Friday's Wall Street Journal carried an article recapping the details of f/ailing industrial conglomerate GE's inept CEO, Jeff Immelt's excuses for lowering the firm's earnings outlook.
By now, I've written so many pieces about GE that it is better for me to simply recommend readers go the 'GE' or 'Immelt' label on this blog to read them.
Suffice to say, though, that if GE didn't have its huge financial unit, it would not have experienced such a severe recent decline in its stock price and, its total return.
As the nearby, six-month, Yahoo-sourced price chart for GE and the S&P500Index illustrates, the firm's exposure to the current financial services sector turmoil has cost its shareholders plenty.
The firm's shareholders have lost some 30% just since April.
Good work, Jeff! You've managed to vastly underperform the index during that period.
Looking back over the past 12 months, Immelt has lost nearly 40% of his shareholder's value, while the index lost about half that.
How much damage to GE's total return and equity will it take for Immelt to finally realize that breaking up the firm will allow shareholders to pick and choose the sectors in which they wish to invest with parts of the current GE, and what corresponding risks they wish to undertake?

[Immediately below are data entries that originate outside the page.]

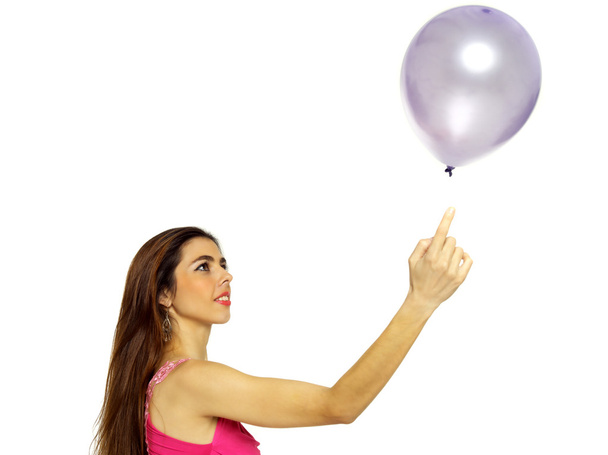 Sexy young girl with balloon - 写真・画像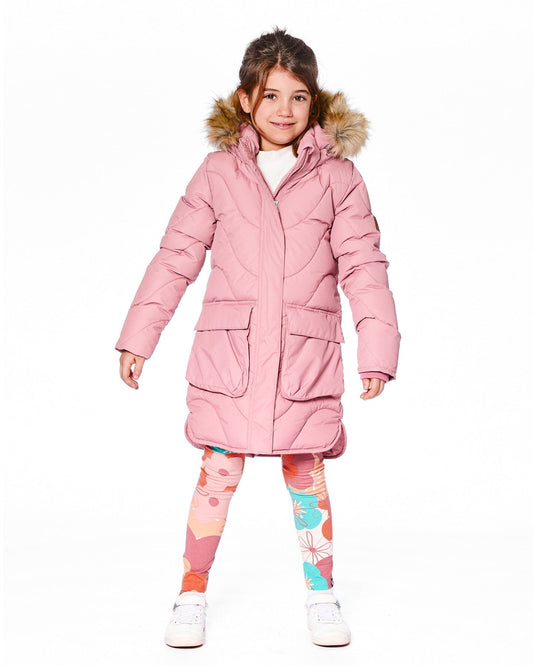 Long Wavy Quilt Puffy Winter Coat Dusty Pink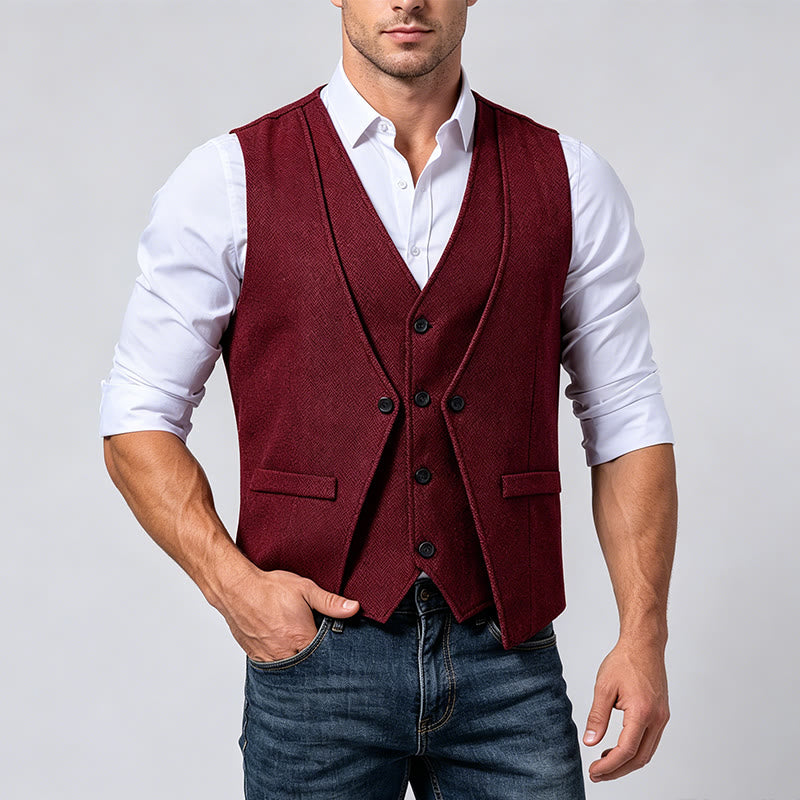 Men's Refined Layered-Look Herringbone Suit Vest - image 2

There are several businesses in GE's portfolio that would not, on their own, suffer so badly as GE's financial units. But, thanks to Immelt's insistence on keeping these units needlessly shackled to each other, shareholders don't get to select which they wish to own, and which they do not.
It's likely that, somewhere in GE's business portfolio, there are units which have not lost 40% of their value in the past 12 months.
Thanks to Immelt's poor stewardship and lack of leadership of GE, his shareholders won't get to know which those are, and benefit from their performance.